Using “information from a money remittance company,” Hanson identified 11 instances when Cordova Murrieta sent “individual remittances to individuals located in Mexico” October 2021 and May 2025. The financial data included an address in ‘Aiea, near Honolulu, where ICE agents surveilled Cordova Murrieta in mid-June and later arrested him on June 26.
“It is disheartening to see ICE and HSI resorting to surveillance tactics that turn routine, lawful actions — like sending money to loved ones — into grounds for immigration enforcement.”
“It is disheartening to see ICE and HSI resorting to surveillance tactics that turn routine, lawful actions — like sending money to loved ones — into grounds for immigration enforcement,” said Salmah Y. Rizvi, executive director of the ACLU of Hawaiʻi, in an emailed statement. “Hawaii’s large immigrant community relies on remittances to support families abroad, and this kind of government overreach creates a chilling effect, making people feel unsafe even doing everyday tasks.”
Jacquelyn Esser, a federal public defender representing Cordova Murrieta, said his was the only case she had seen in which ICE targeted an individual for deportation using remittance data.
Hanson’s affidavit did not identify the source of such detailed financial data, and ICE did not respond to questions about her investigation.
But ICE agents have access to detailed data about hundreds of millions of wire transfers to Mexico through a secretive database run by the Transaction Record Analysis Center, a nonprofit in Arizona.
The Arizona state attorney general’s office established TRAC in 2014 to house a database that, as of July 2024, contained records about nearly 340 million transfers sent via companies like Western Union and MoneyGram. Like her predecessors, the current attorney general, Democrat Kris Mayes, powers this data dragnet using administrative subpoenas served on the companies, which send data about their customers straight to TRAC.
“TRAC was, at least on paper, created to investigate money laundering,” said Abigail Kunkler, a legal fellow at the Electronic Privacy Information Center, by email. “Sharing the information in TRAC with ICE is a prime example of function creep, when you gather all this information for one stated purpose but later use it for something else against a person’s set expectations.”
Hundreds of law enforcement agencies around the country have access to TRAC’s data, but ICE has long played an outsized role in the nonprofit’s operations. ICE agents even used legally dubious subpoenas of their own to feed data about more than 6 million wire transfers into TRAC, until Sen. Ron Wyden, D-Ore., exposed the arrangement in 2022.
The Intercept is currently suing the Arizona attorney general and TRAC under the state public records law, after both entities refused to release documents about the database earlier this year.
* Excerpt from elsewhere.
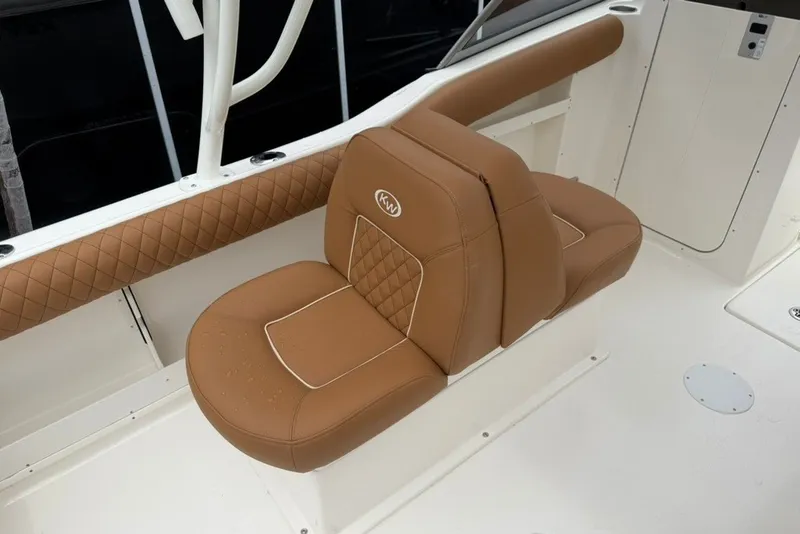 Slide: The Image of 2027 Key West 239 DFS boat seat with tan upholstery and diamond stitching. - 19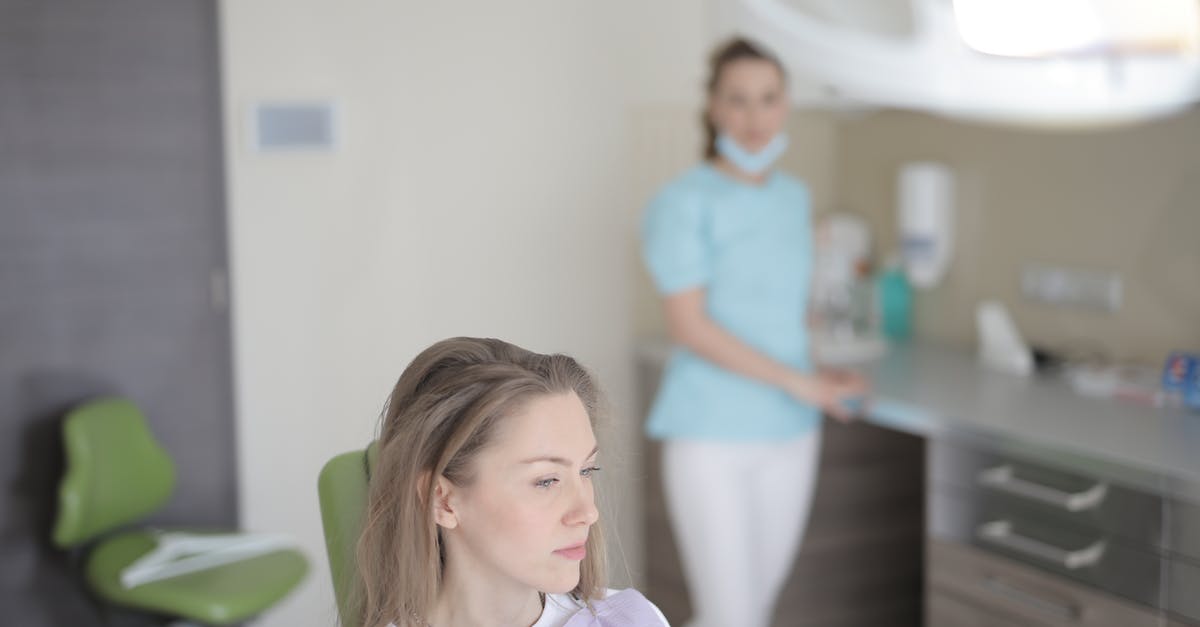 Why Child Protection service tell Lyla to wait for 6 months to fill the form? - Thoughtful young female patient sitting in dental chair and waiting for treatment while looking away in modern dental room in hospital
Neither office responded to The Intercept’s questions for this article.
But both previously downplayed the possibility that ICE agents might use TRAC data to target immigrants for deportation.
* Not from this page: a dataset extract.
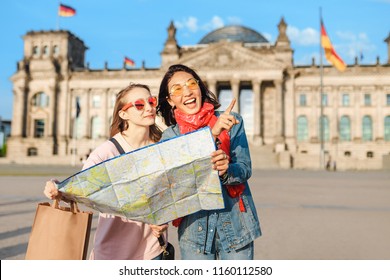 Multiracial Group Of Friends Visiting The City Of Berlin. Two Women Reading Map With Reichstag Building On The Background. Friendship And Travel Concept With Real Candid Emotions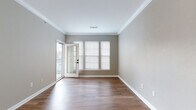 This single-floor residence is designed with a neutral, cohesive aesthetic throughout, featuring warm greige walls, crisp white trim, and consistent wood-style flooring across the main living areas. The open living and dining area benefits from natural light streaming through a trio of windows with blinds, and a glass-paned door that leads to an outdoor balcony, enhancing the sense of openness.

The kitchen is equipped with stainless steel appliances, including a gas range, over-the-range microwave, and refrigerator. White shaker-style cabinetry and a classic white subway tile backsplash complete the space, which connects seamlessly to the main living area via a pass-through counter.

A hallway lined with white trim leads to the bedrooms, each finished with plush carpeting and generous natural light. The primary bedroom includes a spacious walk-in closet outfitted with wire shelving on both sides for organized storage.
“To our understanding there is nothing in the data TRAC collects that provides information on an individuals’ immigration status and TRAC data is used exclusively for money laundering investigations,” said Mayes’s spokesperson, Richie Taylor, in an email in April.
“TRAC has a very clear data use policy that states that TRAC data is to be utilized for money laundering investigation purposes,” TRAC’s president, Rich Lebel, wrote in a statement by email, also in April. “That data use policy has not changed during the current administration, nor has the routine monitoring of the system by TRAC personnel for any abuses.”
But Lebel was less categorical in a statement to Civil Beat, saying that money laundering constitutes “the majority of cases” for which agents use TRAC.
Before searching the TRAC database, agents must promise not to abuse their access and declare the “underlying predicate offense” for a given query, under an agreement Mayes’s office signed with TRAC in 2023.
Hanson did not respond to questions about what role, if any, TRAC data played in her surveillance of Cordova Murrieta, and, if so, what “predicate offense” she entered before accessing the data.
“The use of financial data in this way violates our assumed privacy and raises serious Fourth Amendment concerns,” said the ACLU’s Rizvi. “If this is what’s being done today, we must ask: what else are we surrendering to unchecked surveillance under the guise of enforcement?”